§ YOUR ASSIGNMENT
In the material below, print every line exactly and omit the pictures.

§ MATERIAL SUPPLIED
----------------

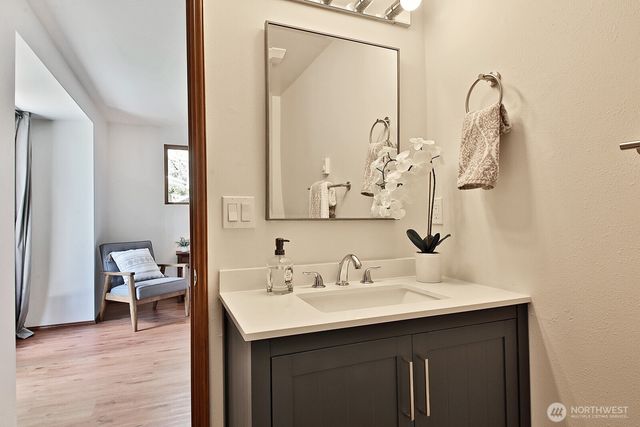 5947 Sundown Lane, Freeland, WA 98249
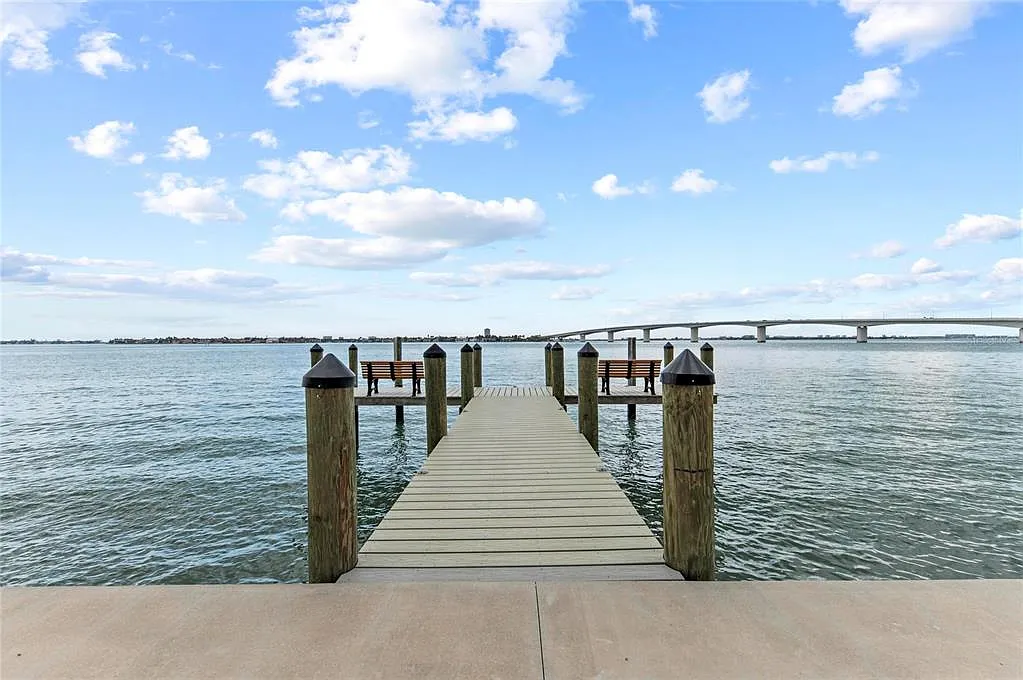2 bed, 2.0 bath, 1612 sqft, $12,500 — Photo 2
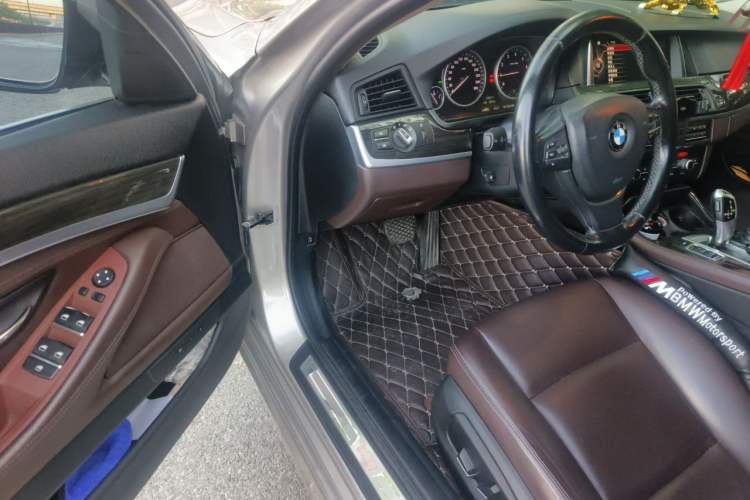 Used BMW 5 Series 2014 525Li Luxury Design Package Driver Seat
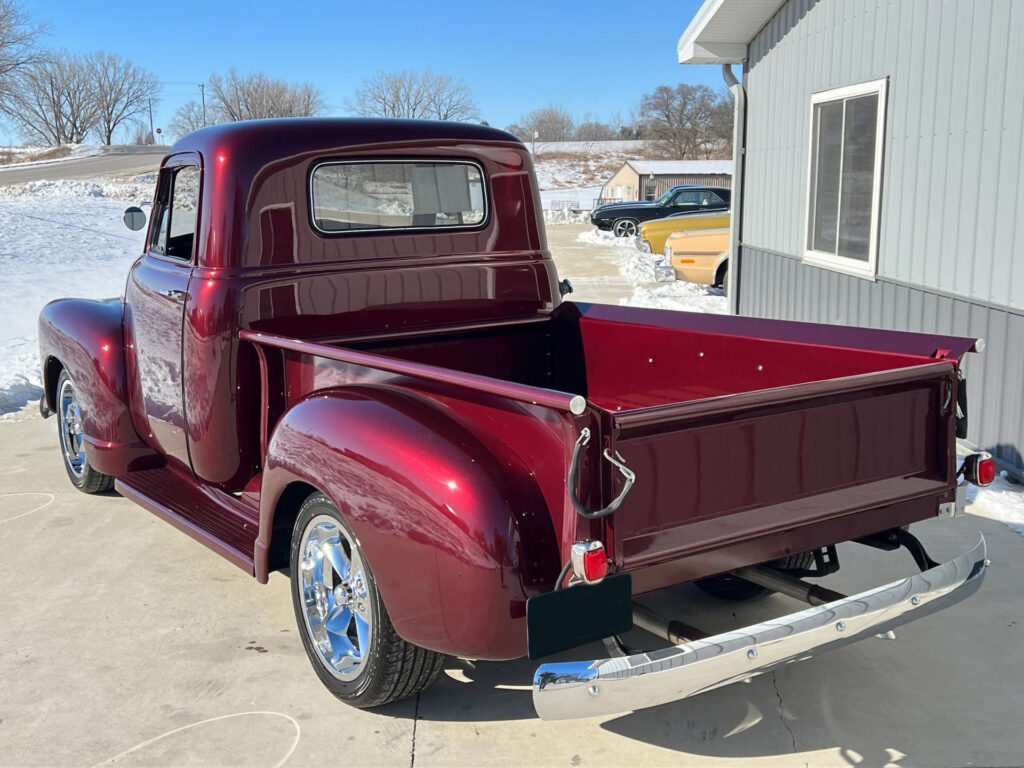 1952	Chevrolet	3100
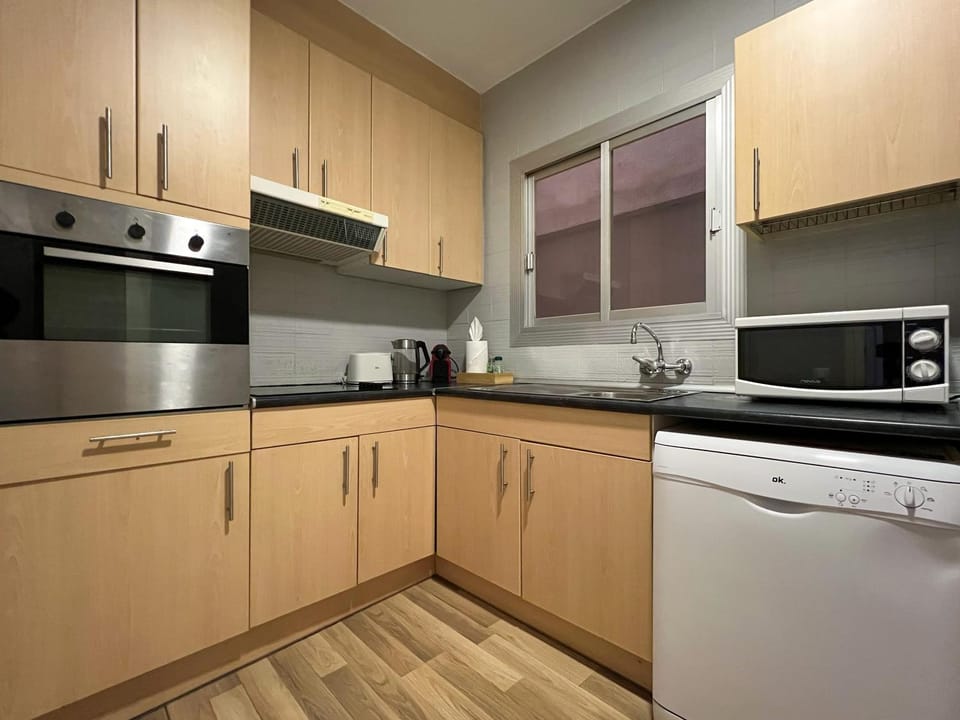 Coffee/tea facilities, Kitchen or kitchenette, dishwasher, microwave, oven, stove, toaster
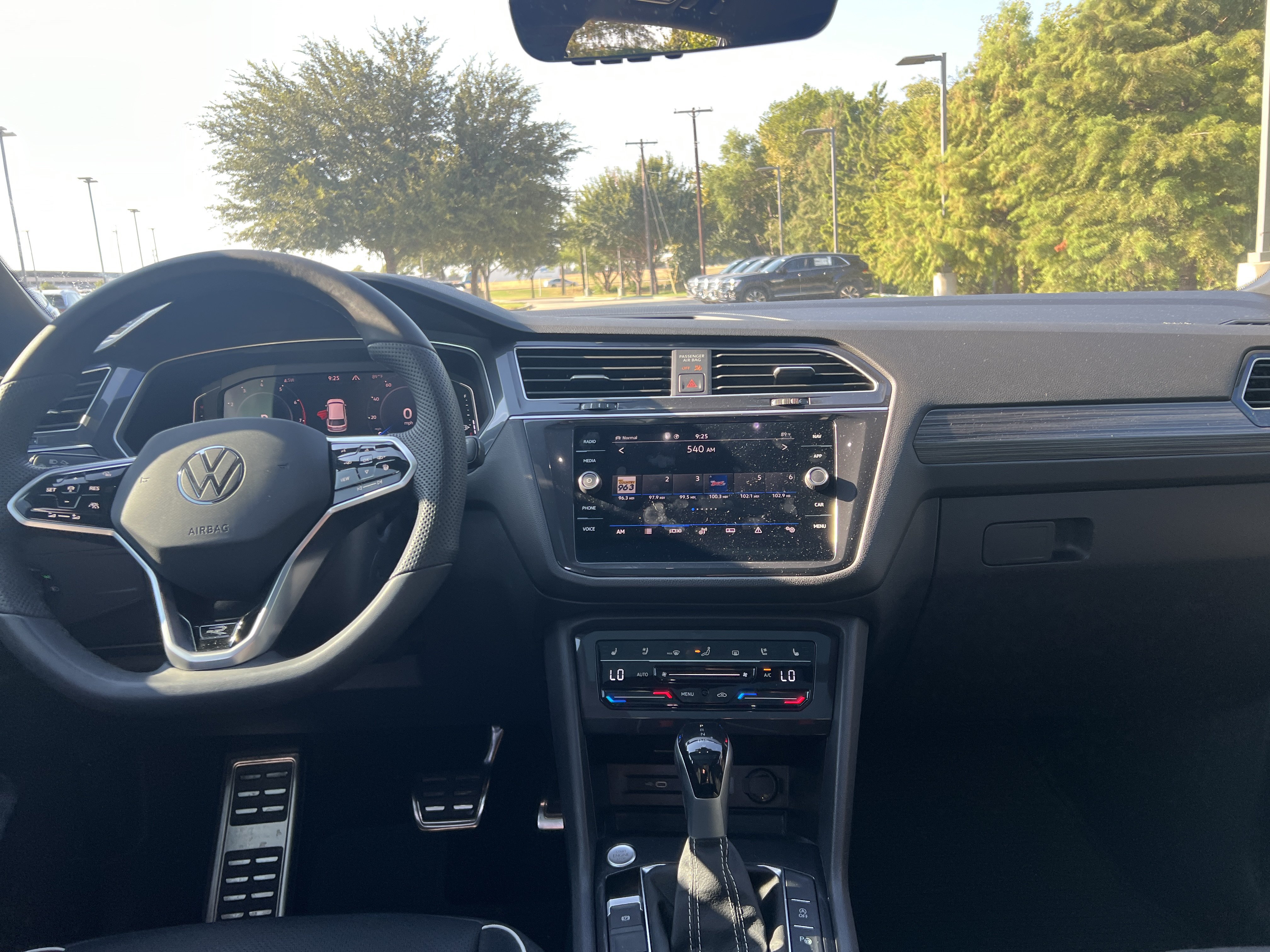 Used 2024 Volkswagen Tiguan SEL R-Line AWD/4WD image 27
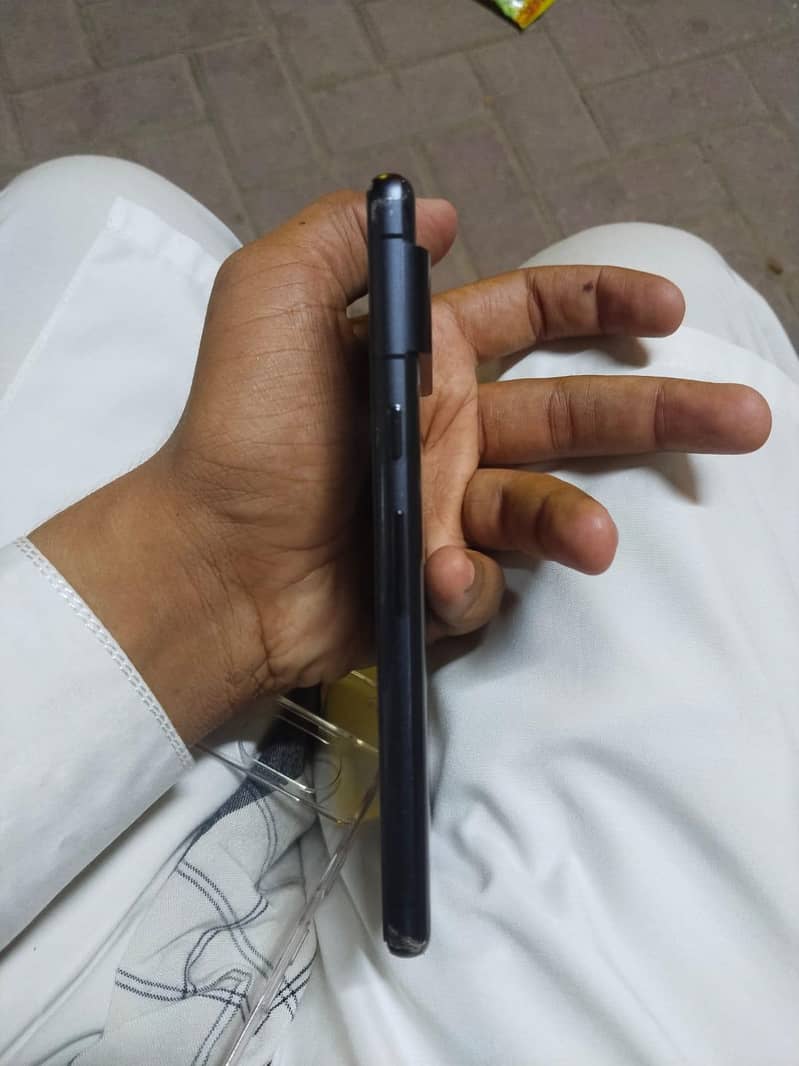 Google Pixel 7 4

----------------

§ EXPECTED OUTPUT
 5947 Sundown Lane, Freeland, WA 98249
2 bed, 2.0 bath, 1612 sqft, $12,500 — Photo 2
 Used BMW 5 Series 2014 525Li Luxury Design Package Driver Seat
 1952	Chevrolet	3100
 Coffee/tea facilities, Kitchen or kitchenette, dishwasher, microwave, oven, stove, toaster
 Used 2024 Volkswagen Tiguan SEL R-Line AWD/4WD image 27
 Google Pixel 7 4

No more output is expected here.